Holding: By denying review, the Court left in place lower-court rulings allowing the private, partly government-funded hospital to refuse elective abortions and did not resolve the constitutional claims.

Real World Impact:
  • Leaves hospital abortion policy in place for this case, affecting local doctors and patients.
  • Keeps a circuit split unresolved over when private hospitals are treated like government actors.
  • Means similar county-built, leased hospitals may continue refusing elective abortions absent further review.
Topics: abortion access, public funding and private hospitals, hospital policies, doctors' rights

Summary

Background

A doctor who had staff privileges at a county-built hospital sued after the hospital’s Board adopted a policy refusing to perform elective abortions. The hospital had been built and owned by Orange County, funded in part by federal Hill-Burton money, and leased for $1 per year to a nonprofit corporation whose board sets hospital policy. The doctor sued the hospital corporation, its board, and county officials under federal civil-rights law, arguing the policy violated the Fourteenth Amendment rights recognized in Roe and related cases and interfered with his ability to practice medicine.

Reasoning

The Supreme Court denied the doctor’s request for review, so it did not decide the constitutional questions. The dissenting opinion (by one Justice, joined by the Chief Justice) explained why the case should have been heard: lower courts split on whether hospitals with county ownership, federal funding, and community-selected governing boards count as government actors subject to constitutional limits. The Fifth Circuit affirmed dismissal, with judges saying either the board was not a state actor or that the state may fund hospitals without forcing use for particular procedures.
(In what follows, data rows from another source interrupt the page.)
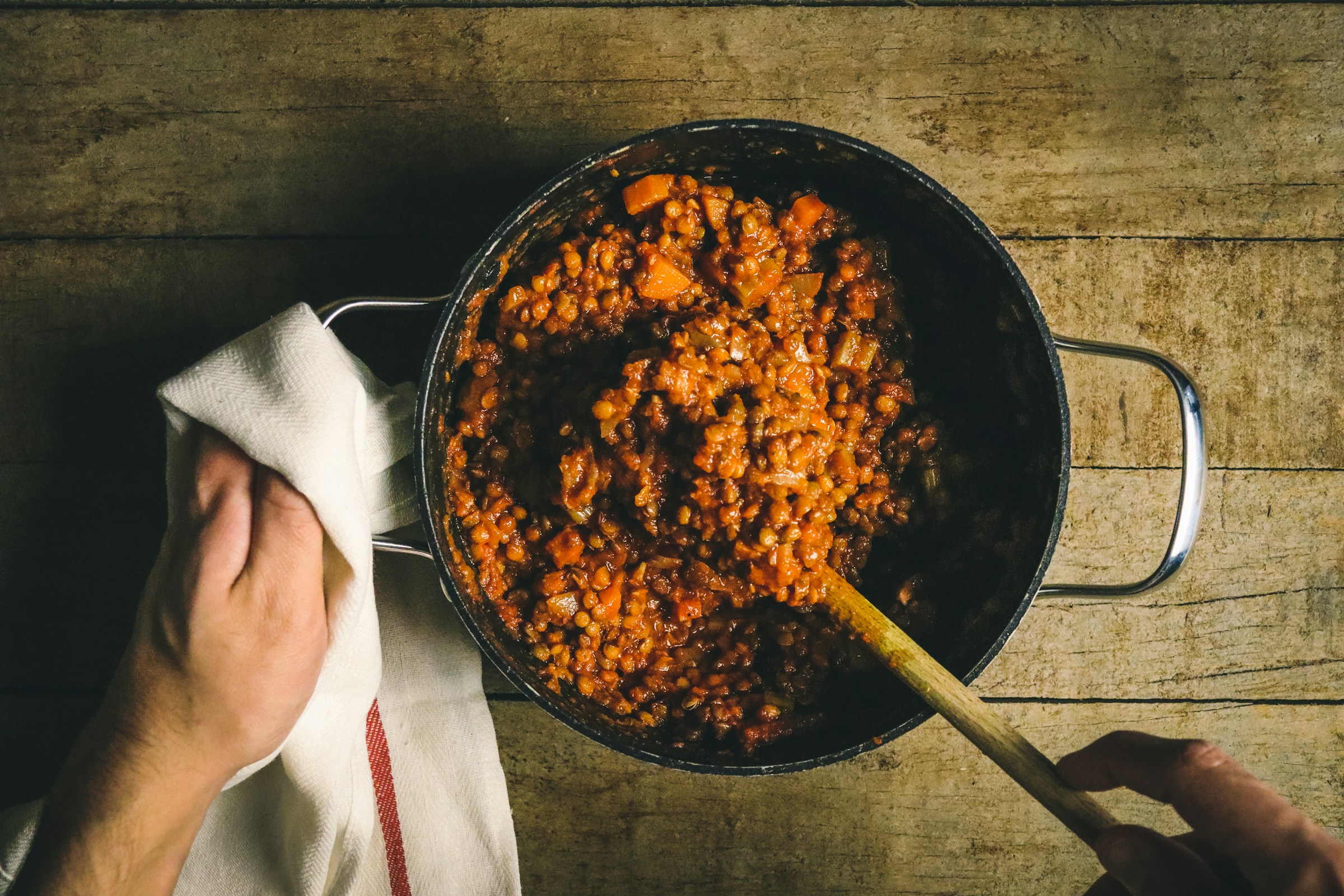 Cooked beans served with leafy greens for gut-soothing support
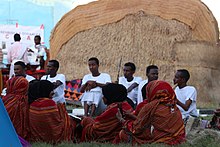 Somali men and women in front of a traditional house University students sits in front of Somali traditional house.jpg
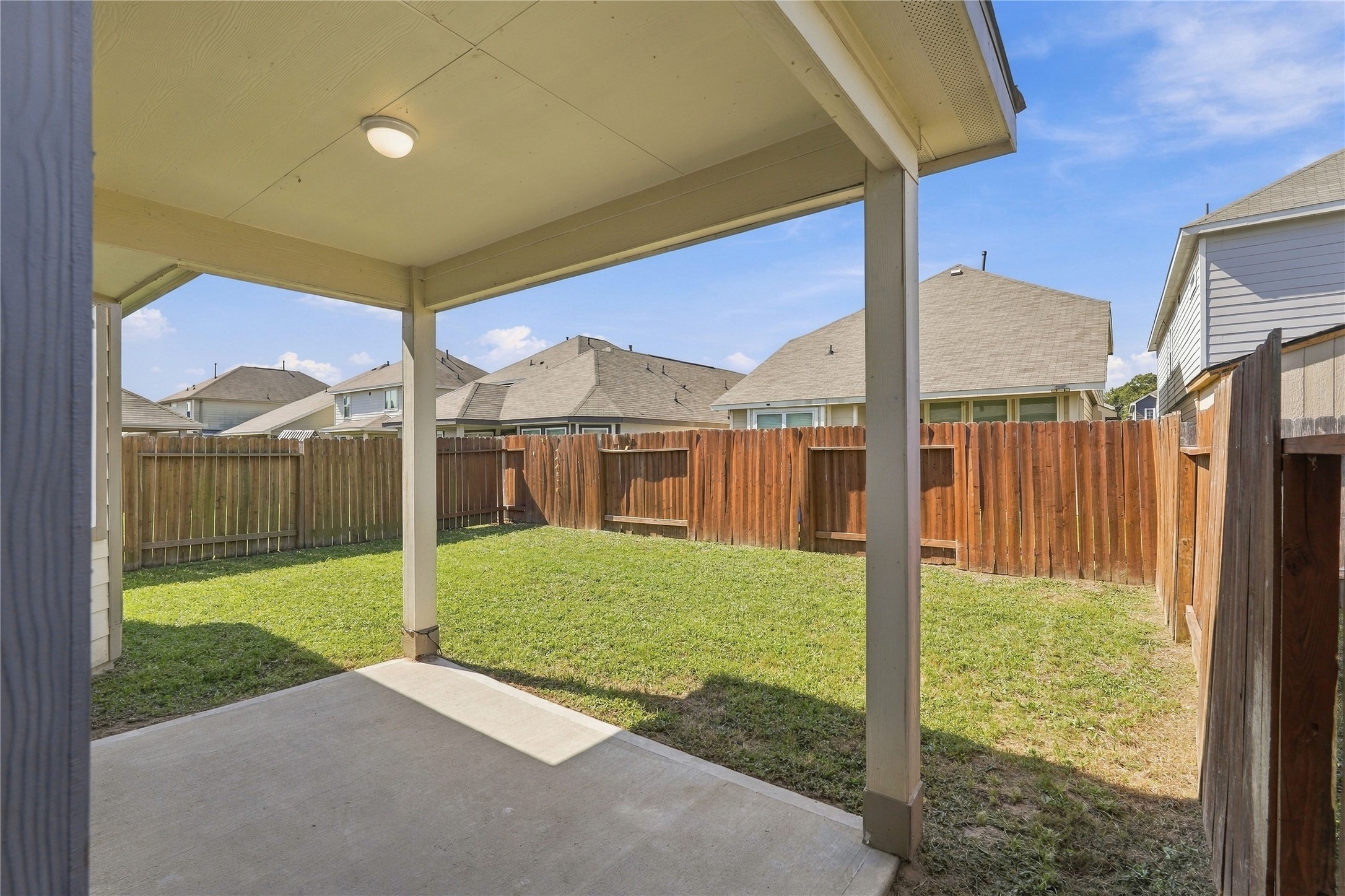 Covered Rear Patio with great yard size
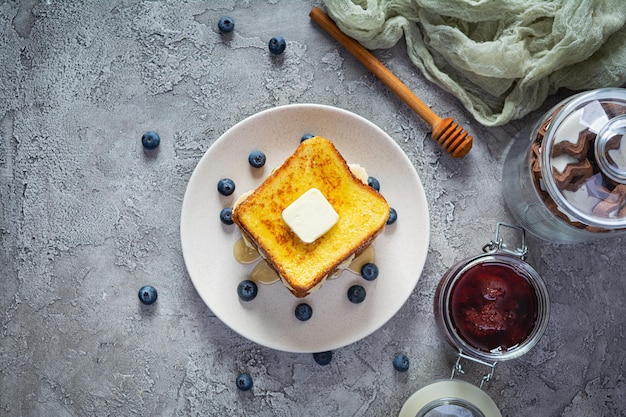 French Toast mit Banane, Blaubeere, Honig und Erdbeermarmelade. Köstliches Frühstück oder Brunch am Morgen mit Toast und Keksen. Ansicht von oben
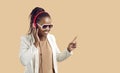 Happy young african american woman in headphones listens to music on beige background. Royalty Free Stock Photo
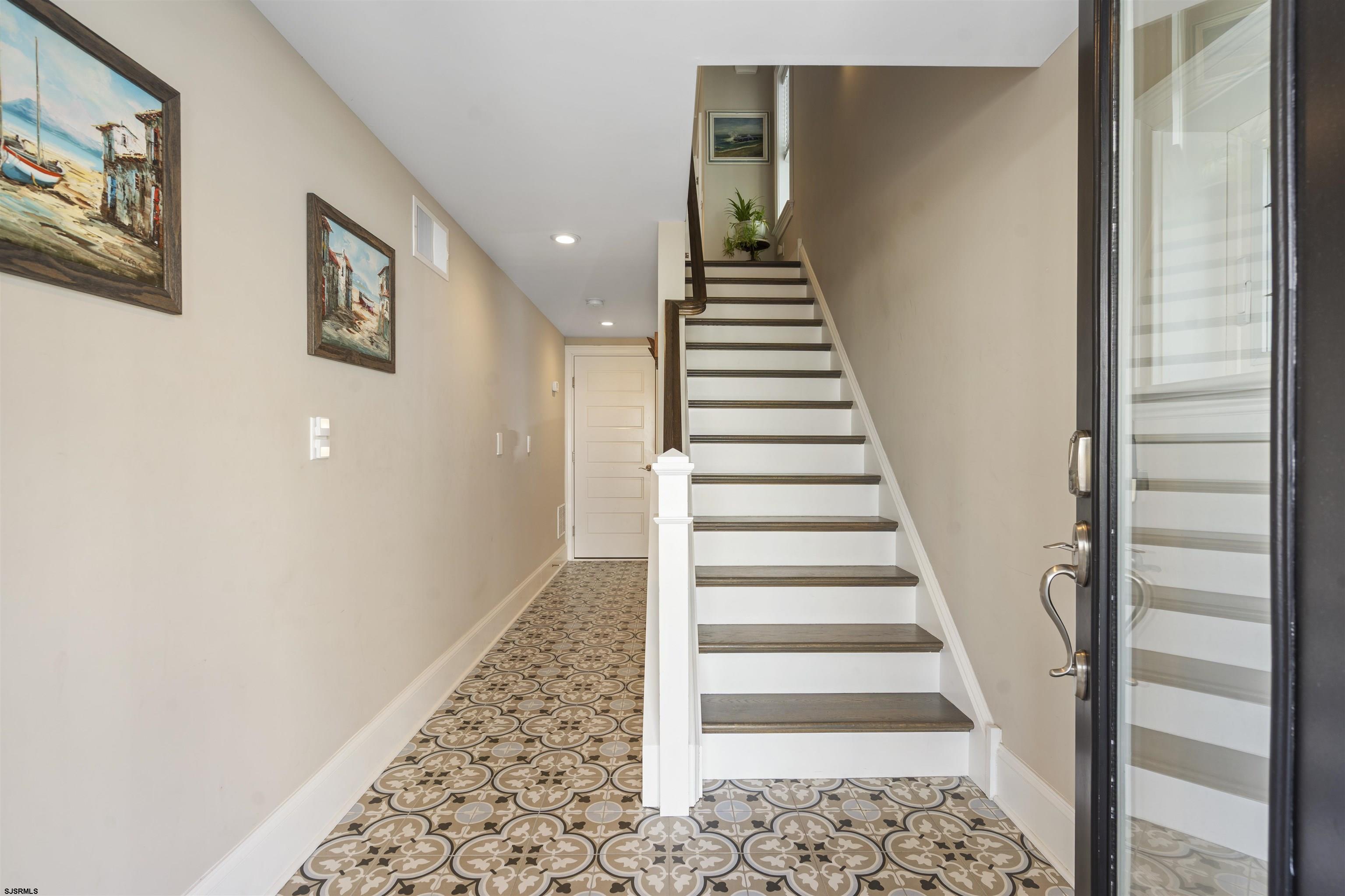 Entry hall with patterned tile floor and a white staircase with dark wood treads.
The dissent highlighted these conflicting decisions in other appeals courts.

Real world impact

Because the Court declined to review, the lower-court rulings remain in place for this case. That outcome leaves the hospital allowed to enforce its elective-abortion policy here, affects doctors and patients seeking services at similar county-built, leased hospitals, and leaves a circuit split unresolved. The denial is not a decision on the constitutional merits and the legal landscape could change if the Court later takes a related case.

Dissents or concurrances

The dissent urged review to resolve a clear and recurring conflict among federal appeals courts and to clarify how Roe and related decisions apply to partly public hospitals.